**WHAT IS BEING ASKED**.
Look below for the line with "Matcha espresso" and the line with "selten Top Zustand"; repeat exactly those two lines and all lines between them, but no pictures.

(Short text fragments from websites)
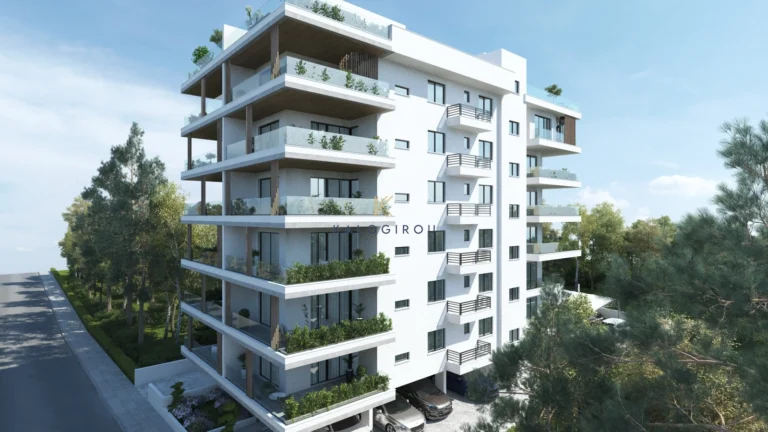 1 Bedroom Apartment for Sale in Larnaca District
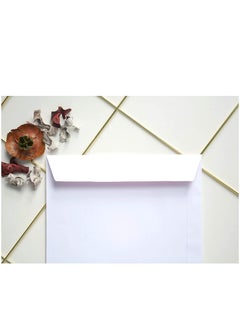 Maxi Maxi White A4 Envelopes 100Gsm 12.75"x9" Peel & Seal 25pcs Pack  - Image 4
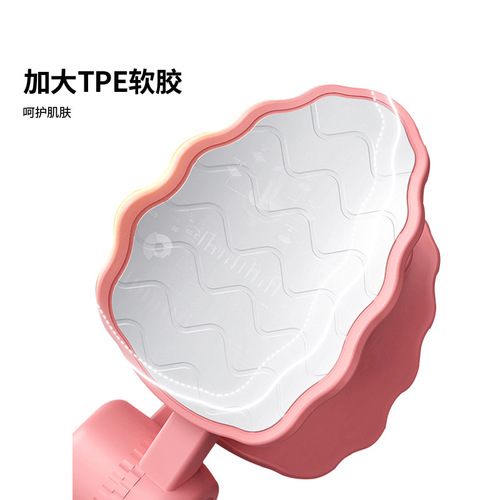 Intelligent pelvic floor muscle trainer multi-functional leg clamp exercise leg counting pelvic floor muscle equipment timing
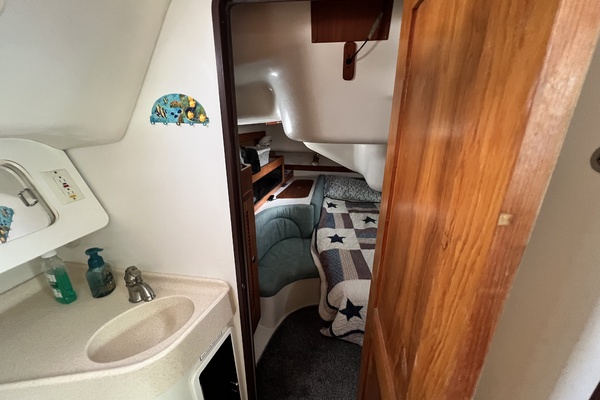 38ft Catalina Yacht For Sale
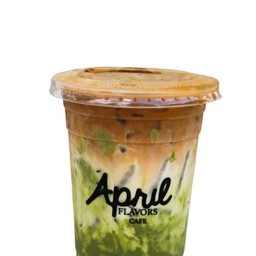 Matcha espresso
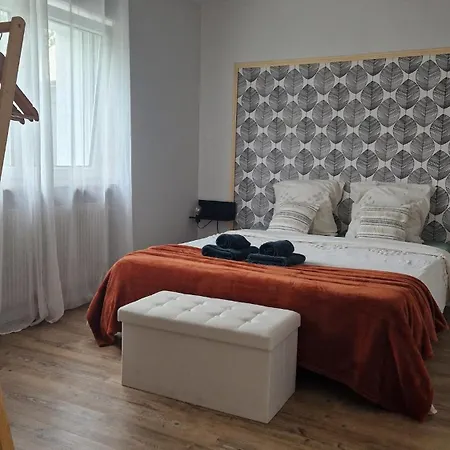 Holiday home La Maison Des Petits Bonheurs Rixheim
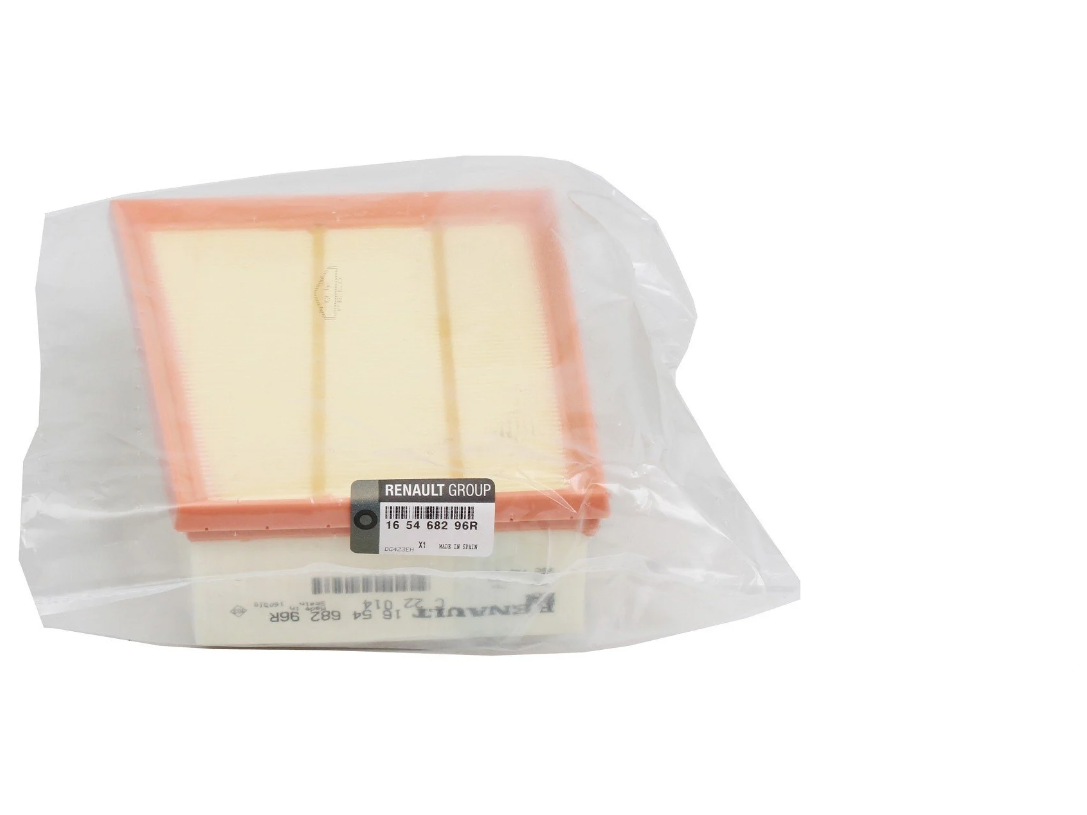 Renault Megane 4 - IV Hava Filtresi - 165468296R - Renault Mais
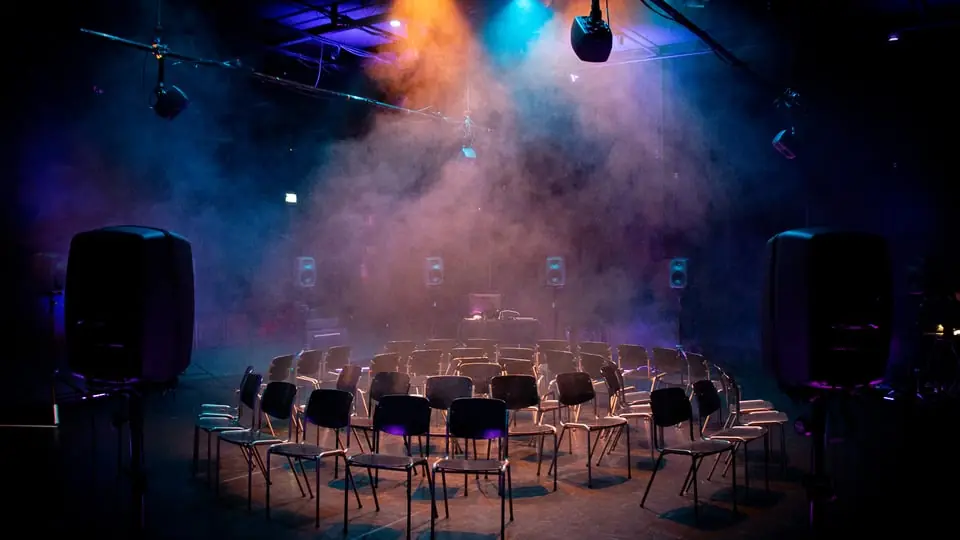 Audiorama: the end - Saturday — Fylkingen, Stockholm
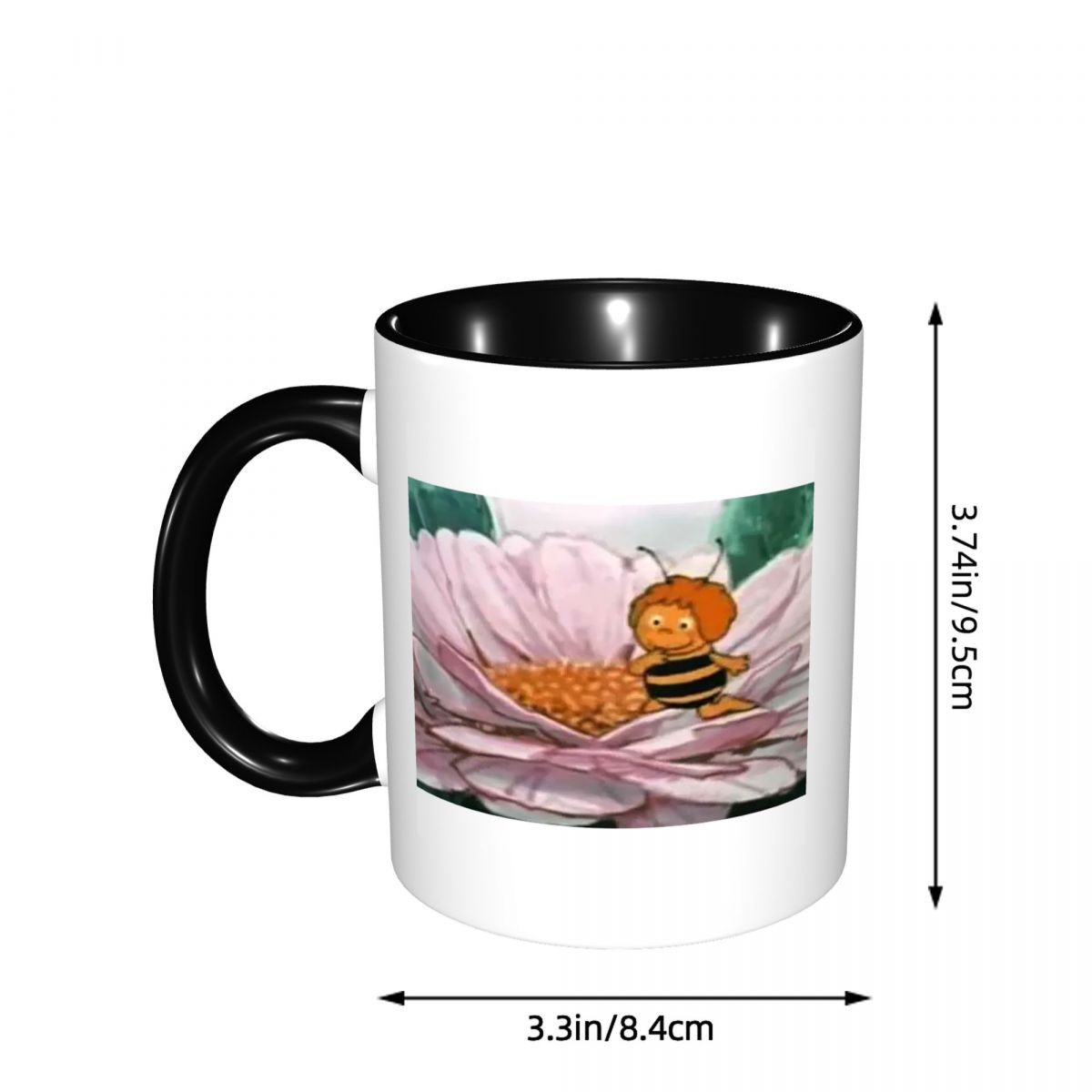 Maya The Bee Mug – tasses à ca - Maya Coffee & Tea Ulasan avis et prix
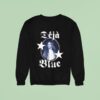 Beyonce Deja Blue Sweatshirt
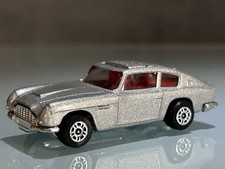 🚗 Corgi 1:64 Aston Martin James Bond Schleudersitz extrem selten Top Zustand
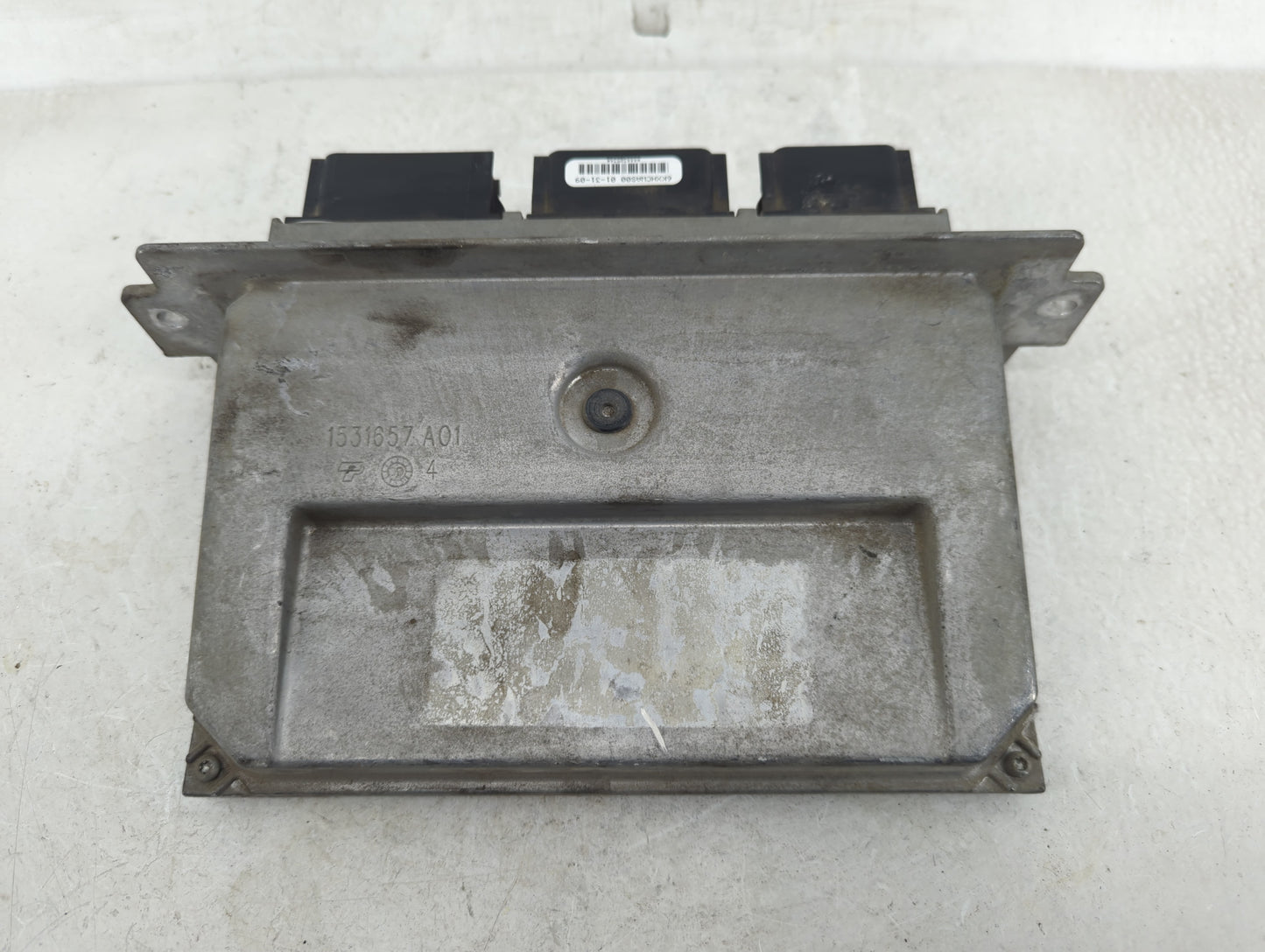 2010-2012 Ford Fusion PCM Engine Control Computer ECU ECM PCU OEM P/N:9L8A-12B684-AB AE5A-12A650-NE Fits Fits 2010 2011 2012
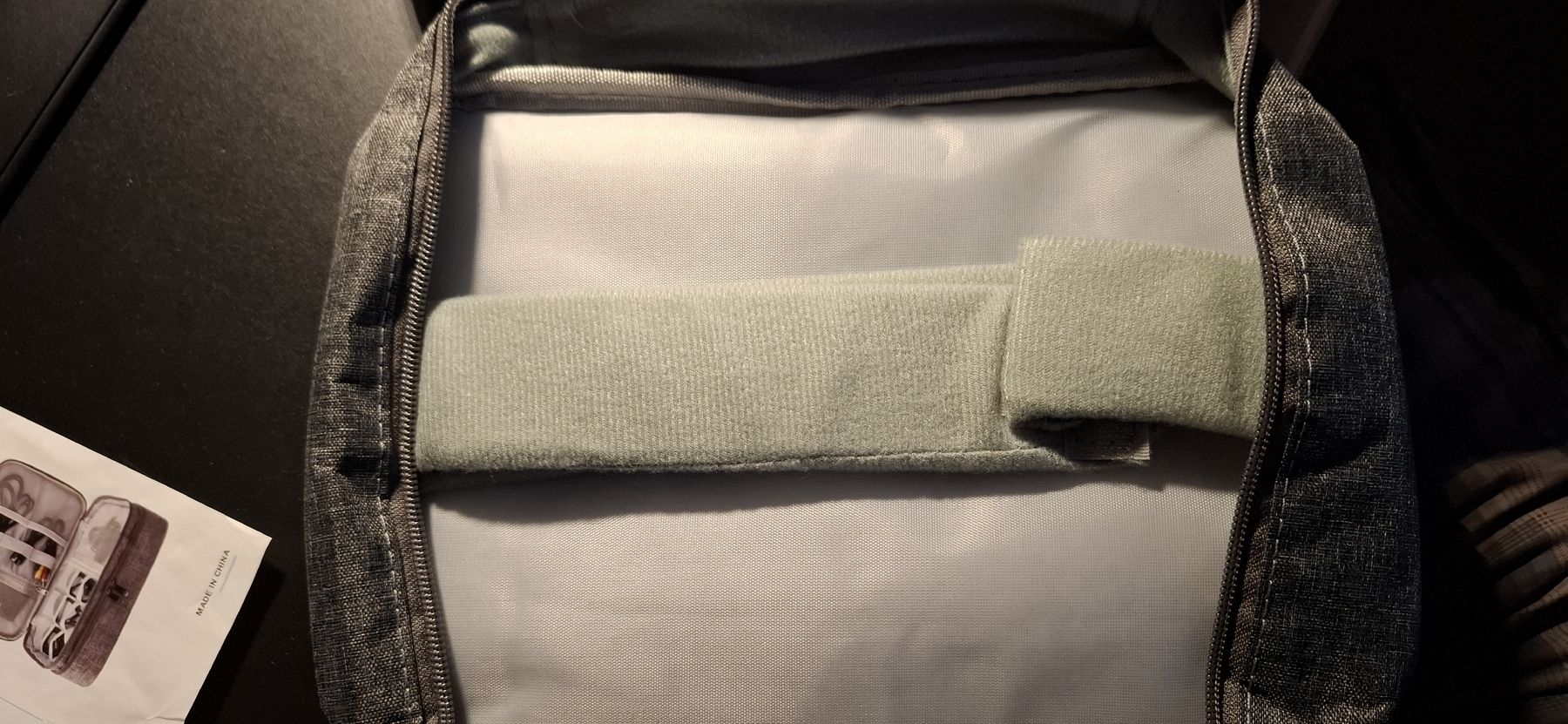 PC: Kabel Tasche USB Kabel Tasche – Nuovo (secondo la descrizione) da Chur venduto da Giffa-04-06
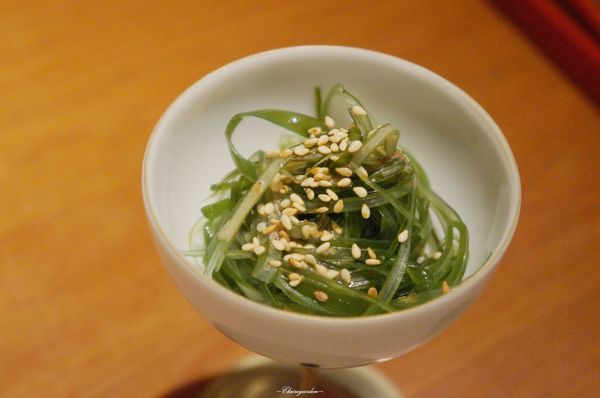 呂河日本料理：台北 捷運信義安和站 呂河日式料理~ 藝術品般的懷石料理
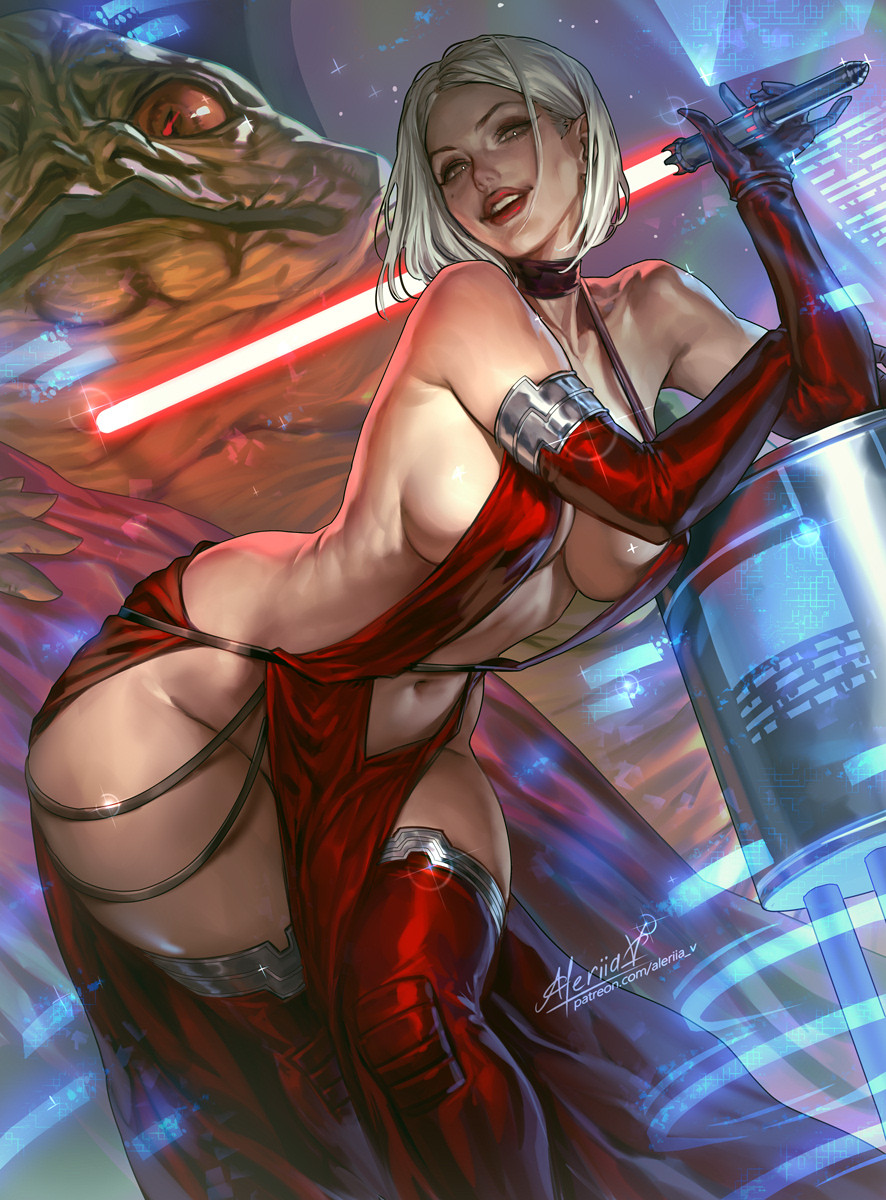 Jabba The Hutt (Star Wars) Rule 34 Image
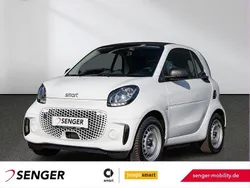 Bodypanels in white Gebraucht 2022 Smart ForTwo Electric Drive Coupé | 10.450 € (Fairer Preis)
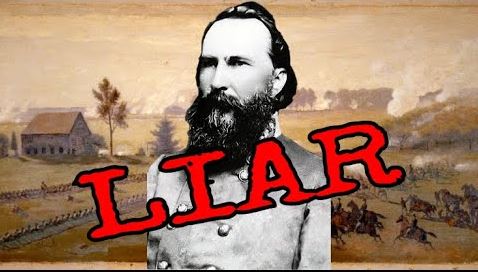 Longstreet the Liar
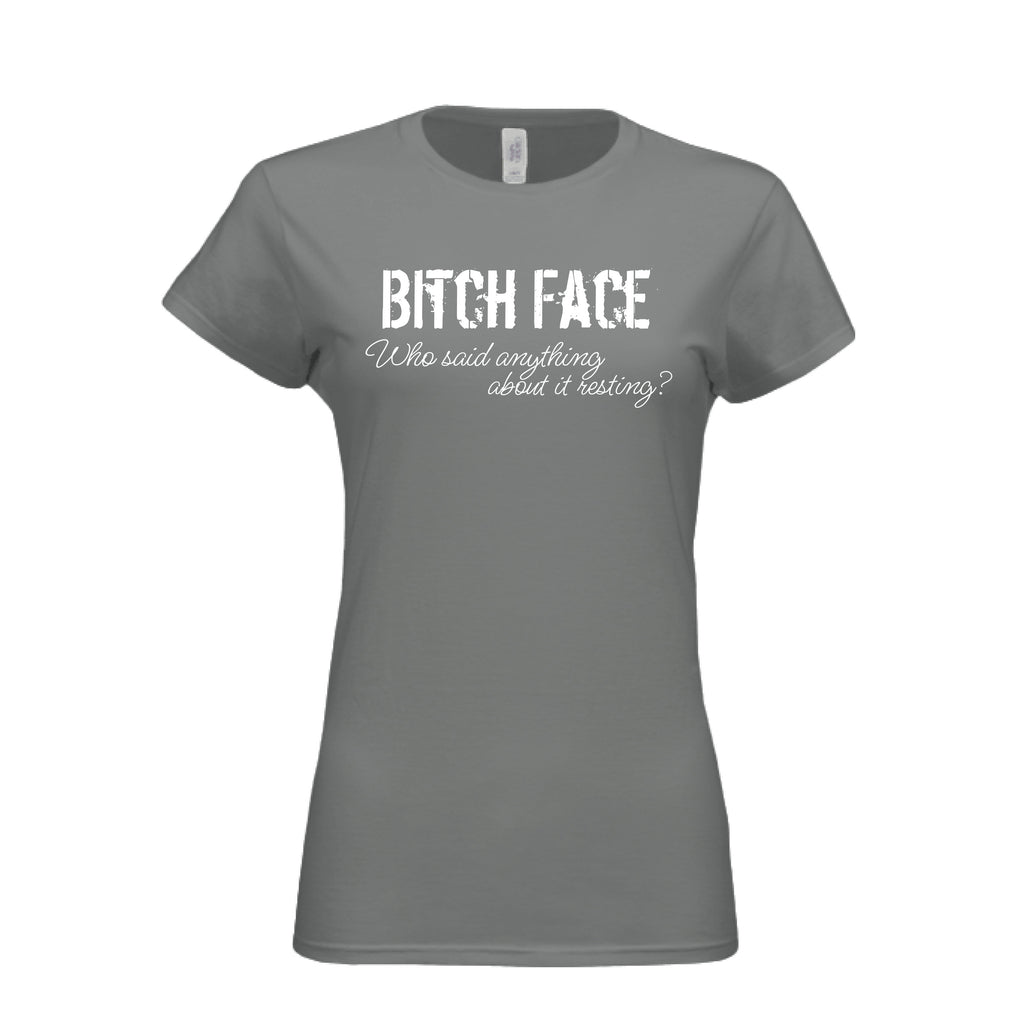 Graphite Heather - FRONT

**RESPONSE**.
 Matcha espresso
 Holiday home La Maison Des Petits Bonheurs Rixheim
 Renault Megane 4 - IV Hava Filtresi - 165468296R - Renault Mais
 Audiorama: the end - Saturday — Fylkingen, Stockholm
 Maya The Bee Mug – tasses à ca - Maya Coffee & Tea Ulasan avis et prix
 Beyonce Deja Blue Sweatshirt
 🚗 Corgi 1:64 Aston Martin James Bond Schleudersitz extrem selten Top Zustand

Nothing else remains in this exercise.